WHAT THE TASK REQUIRES:
Any picture among the records should be left out, please; retype the rest exactly.
---------- DATA PROVIDED ----------
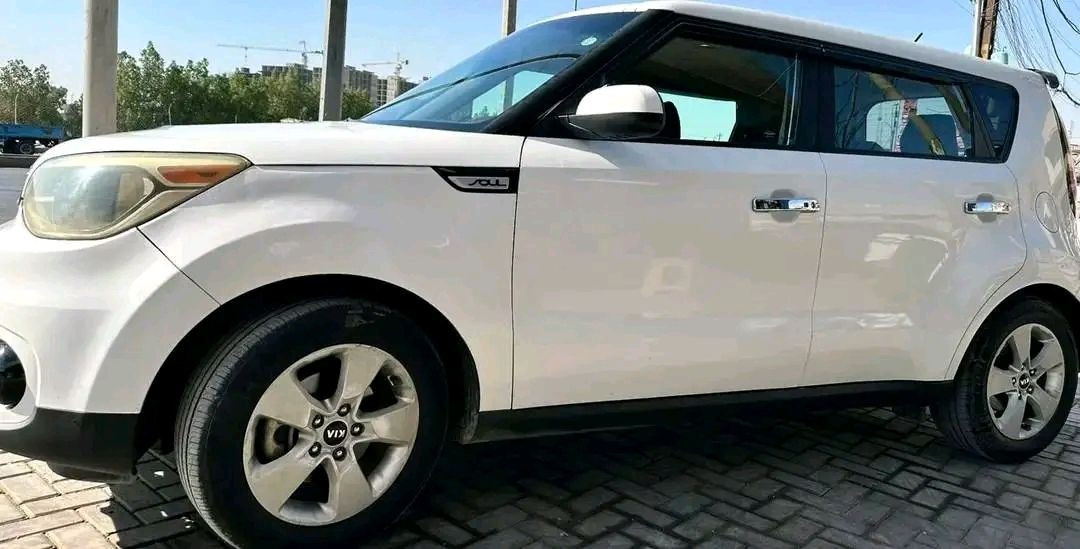 كيا صول 2017 رقم شمالي باسمي تحويل سنوية
محرك 1600 GDI  كير اوتماتيك 
كير مكينة تبريد كهربائيات حدادية اطارات جيدة جدا
حادثها صبغ بنيد وشوية بارد جاملغ السائق بدون دواخل
السعر 117
بغداد المشتل -ابو مصطفى *********** واتساب
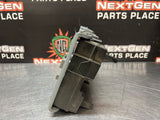 2011 GMC SIERRA DIESEL 6.6 UNDERHOOD FUSE BOX 22798216 OEM #1090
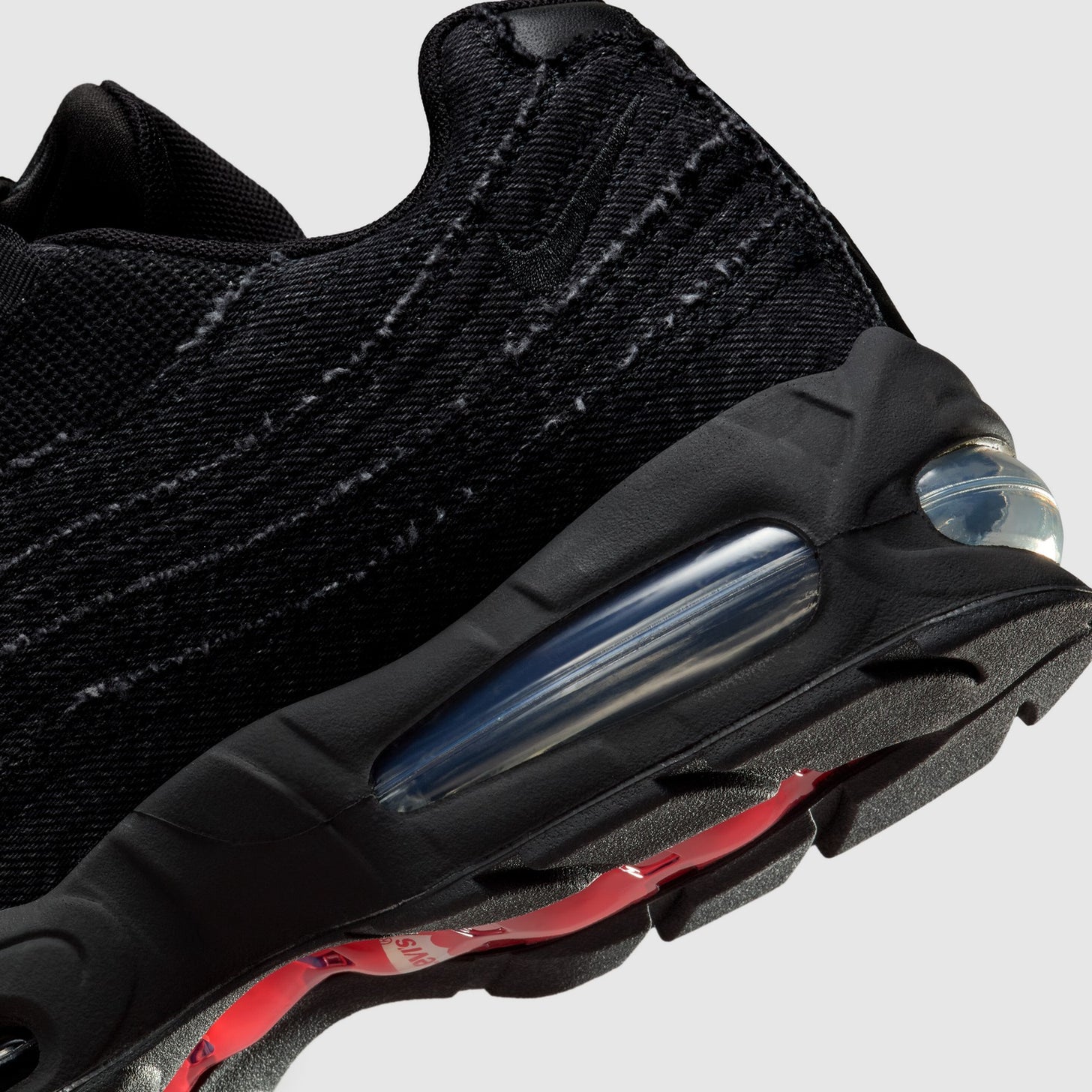 Main 5 - Levi's® x Nike Air Max 95 Black - 0061X0001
----------
RESULT OF THE EXERCISE:
 كيا صول 2017 رقم شمالي باسمي تحويل سنوية
محرك 1600 GDI  كير اوتماتيك 
كير مكينة تبريد كهربائيات حدادية اطارات جيدة جدا
حادثها صبغ بنيد وشوية بارد جاملغ السائق بدون دواخل
السعر 117
بغداد المشتل -ابو مصطفى *********** واتساب
 2011 GMC SIERRA DIESEL 6.6 UNDERHOOD FUSE BOX 22798216 OEM #1090
 Main 5 - Levi's® x Nike Air Max 95 Black - 0061X0001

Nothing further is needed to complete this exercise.